623 yıllık İmparatorluğun kendisi ile son bulduğu Vahdeddin hakkında ortaya birçok iddia ve iftira atıldı. Kendisi hakkında en detaylı bilgiyi ise “Şah Baba” isimli kitabında Vahdeddin’in hatıralarını kaleme alan Murat Bardakçı vermişti. Vahdeddin’e ait son hatıralar ise, 81 yıl öncesinden, İtalya’daki sürgün günlerine ait. Vahdeddin’in ömrünün sonlandığı San Remo’da yaşananlar, saray hizmetlisi Rumeysa Aredba’nın hatıratıyla gün yüzüne çıktı.

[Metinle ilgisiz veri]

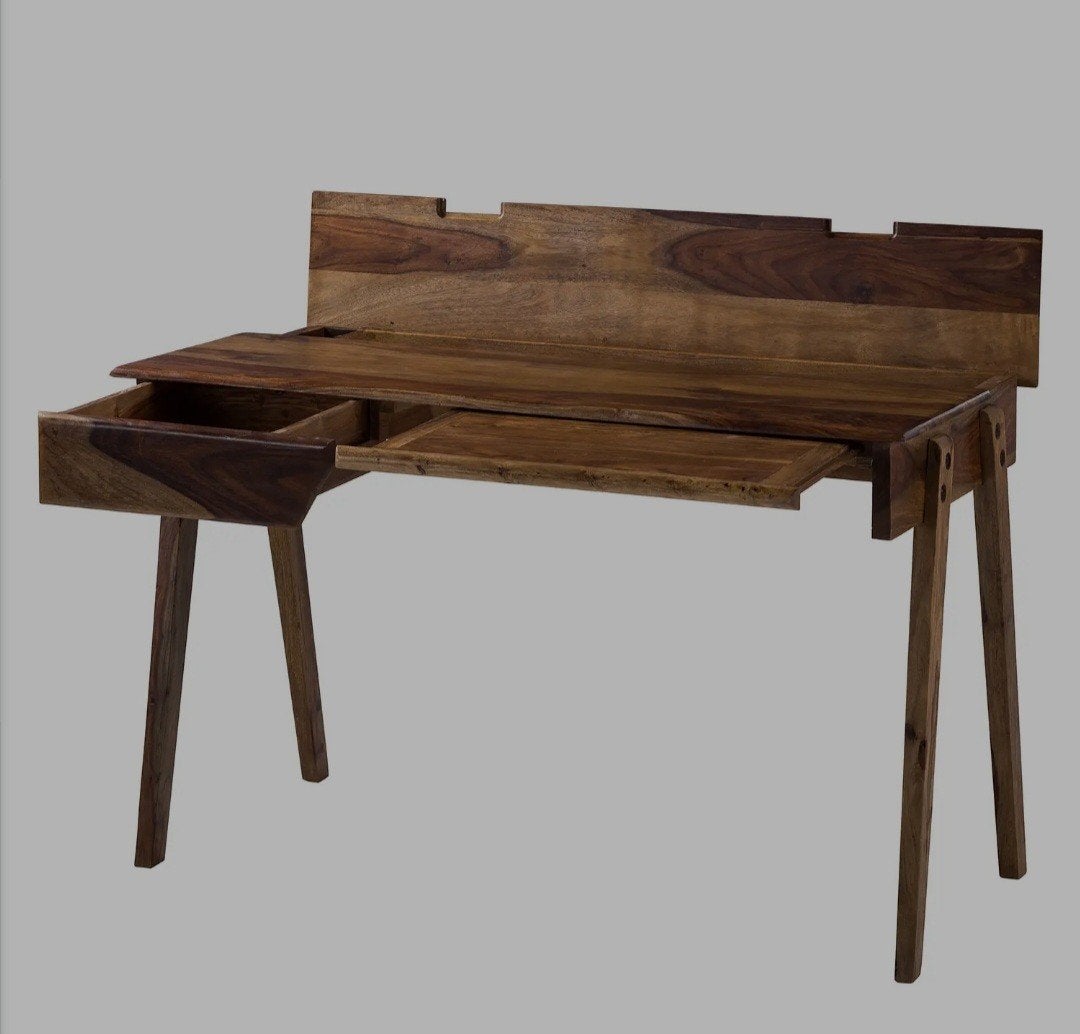 Cullman massief houten bureau, Ophalen, 100 tot 150 cm, Zo goed als nieuw, Rechthoekig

Rumeysa Aredba - Timaş Yayınları Hatırat - Mart 2009, 136 sayfa, |
Ömrünün son demelerini borç içinde geçiren Sultan Vahdeddin’in naaşının, İtalyan kasap, manav ve bakkal esnafı tarafından haczedilme hadisesi bu kitapta bilinmeyen bir yönüyle yansıtılmış. 1926 yılında İtalya’nın San Remo kasabasındaki Villa Nobel’de kalp spazmı sonu hayatını kaybeden Sultan Vahdeddin’in, borçları karşılığı haczedildiği aktarılan naaşıyla ilgili Rumeysa Aredba çok çarpıcı bir bilgiyi aktarıyor. Manavın, kasabın, bakkalın polis nezaretiyle 1 ay boyunca el koydurduğu Vahdeddin’in cansız bedeni değil değil, boş bir tabutmuş. Padişahın naaşına haczedilmesini kabullenemeyen sahipsiz Saray ahalisi, çevirdikleri bir mizansenle cesedi tabutun içinden çıkararak önce boş bir odaya sonra da bir fırsatını bulup villadan çıkarıp şu anda Suriye’nin başkenti Şam’daki Sultan Selim Cami avlusuna defnedilmiş. Peki bir ay boyunca mühürlenerek hacizli vaziyette bekletilen tabuta ne olmuş. O da ayrı bir mizansen ve ayrı bir acı. Vahdeddin’in esnafa ödeyemediği o borç, bir ay sonra küçük kızı Sabiha Sultan’ın mücevherlerinin satılmasıyla ödenmiş. Rumeysa Aredba’nın hatıratında “Son Gece” bölümünde, “haciz” ve “boş tabutun son yolculuğu” başlıkları altında yayınlanan bu bölüm, yakın tarih üzerine yapılacak yeni araştırmalara ışık tutacak kadar önemli.